Consonant- and vowel-letter knowledge

Children were tested on the three tasks of 19 consonant names, 19 consonant sounds, and 21 vowel names/sounds. The consonant letters include 14 basic and 5 doubled consonants, and the vowel letters consist of 10 basic and 11 compound vowels. Note that vowel letter names are the same as sounds in Korean. In each task, basic letters were first presented to children earlier than compound or doubled letters, and the letters were presented in a random order in either basic or compound letters. The first three items of each task were presented with feedback. The maximum score was 19 for the consonant name, 19 for the consonant sound, and 21 for the vowel name/sound conditions. Cronbach’s alpha reliability coefficients obtained in this study were .97, .94, and .98 in the consonant name, consonant sound, and vowel name/sound conditions, respectively.

Procedure

Each child participated in five sessions over a 3-week period and was tested individually in a quiet room of his or her school by one of four psychology major graduate students. Each session lasted from 10 to 30 min. In Session 1, the children were tested on Hangul reading, as well as letter-name and letter-sound knowledge, nonverbal reasoning, and vocabulary. There were four different Gulja learning conditions: whole Gulja, letter, CV-coda, and copying.
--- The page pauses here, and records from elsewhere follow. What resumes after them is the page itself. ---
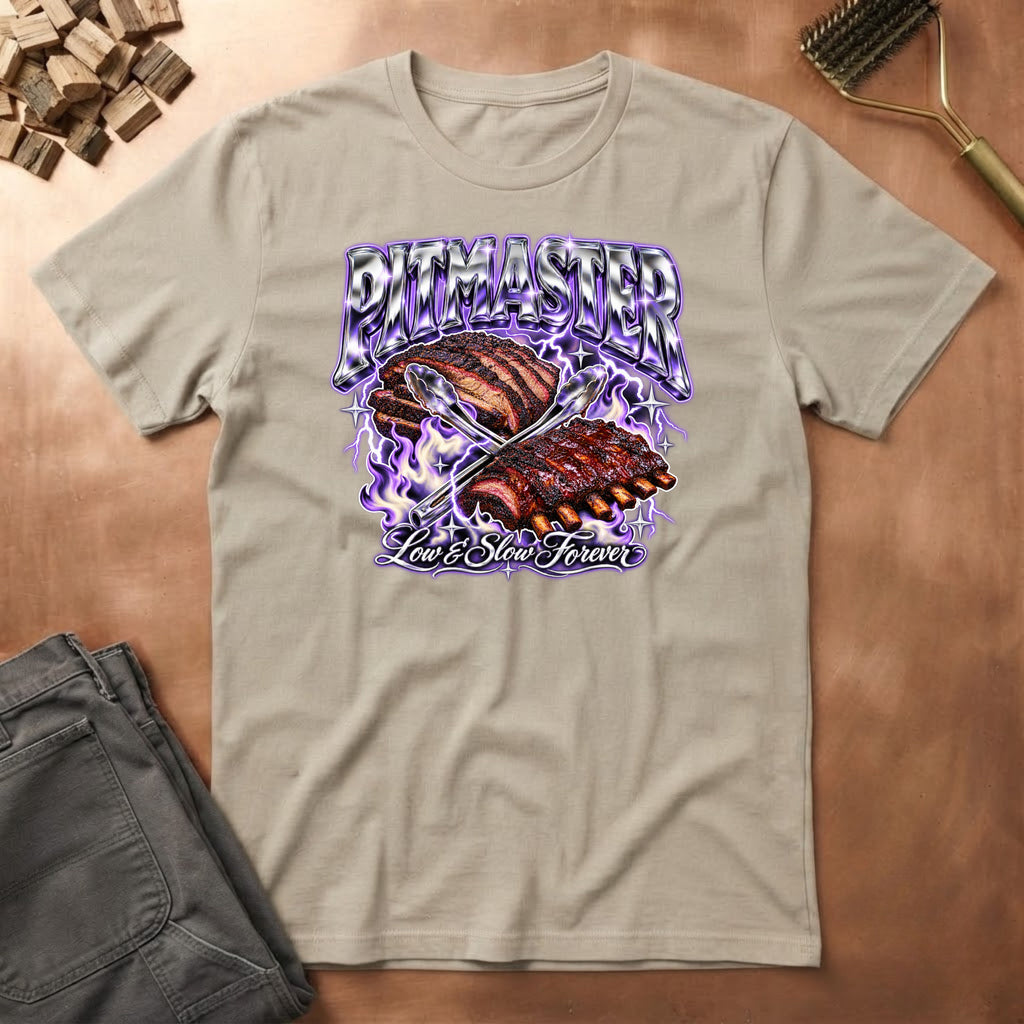 90s Retro T-Shirt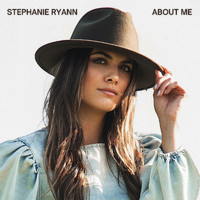 Stephanie Ryann - About Me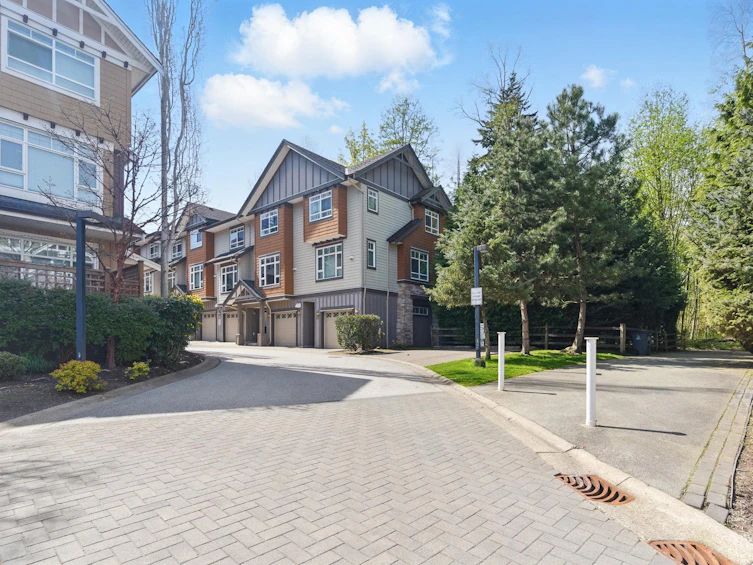 44-2979 156 Street, Surrey, BC, V3Z 8V8 - 24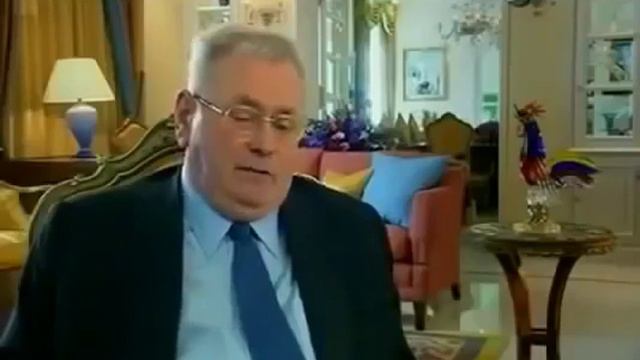 Самые богатые люди в мире смотреть онлайн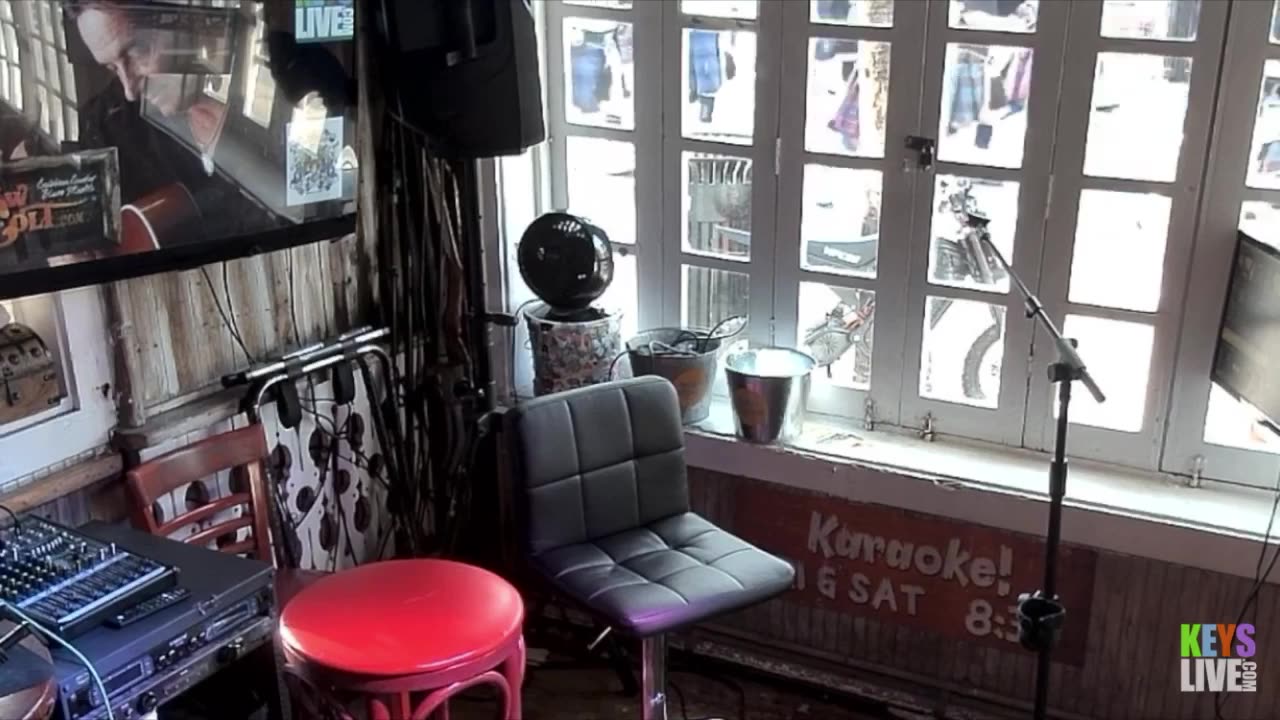 NOVEMBER 11 2025 LIVE AT TWO FRIENDS PART 5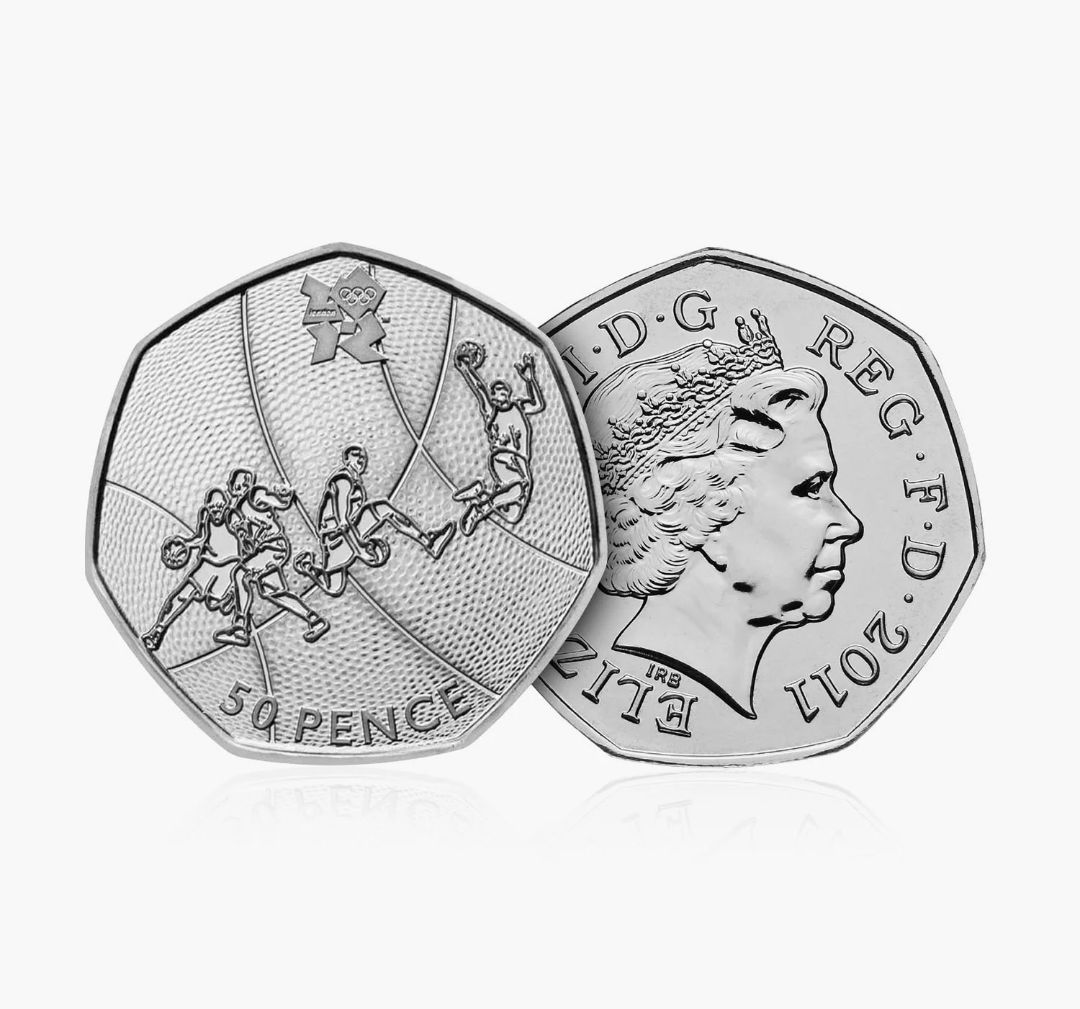 1000008069.jpg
The children participated in all four learning conditions in sessions 2–5. Each child was tested by the same experimenter for all four learning conditions in sessions 2–5 to eliminate a possible confounding effect of experimenters with instructions. The order of the four conditions was balanced by employing a 4 × 4 balanced Latin Square Design where each row represents experimenters and each column represents learning sessions (Elmes, Kantovits, & Roediger, 2006). Note that a Latin Square design provides an efficient method for counterbalancing a treatment factor and an order variable when the treatment factor has four or more levels. Each experimenter tested from 9 to 13 children.

There were four stimulus sets that were used across the four different learning conditions. The four stimulus sets were equally assigned to each learning condition. In other words, all stimulus sets were used across all learning conditions within this experiment. A different stimulus set was used for each learning condition for a given child. Each stimulus set included 6 Guljas with the number of strokes being between 6 and 18 (e.g., 엌 /ək/, 돋 /dod/, 삯 /sag/, 뺄 /p’æl/, 찮 /ʧan/). Items used in the four stimulus sets were developed in a pilot test where 7 kindergartners aged 4 were tested in their reading of Guljas. We first selected 50 Guljas that are not likely to be familiar to children but are actually used in the Korean language such that each Gulja is not a one-syllable word but is only used as a part of a word as an affix or a stem; Gulja structures were either CVC or CVCC. We finally selected 24 Guljas whose average reading performances were between 25 and 75% and evenly assigned 6 items to each stimulus set. All items are available from the first author upon request. To ensure training fidelity, experimenters followed a protocol that was written in a booklet for each Gulja of each leaning condition in order to prompt them to follow exactly the same procedure. Verbal instructions, demonstrations, and feedback to students were scripted.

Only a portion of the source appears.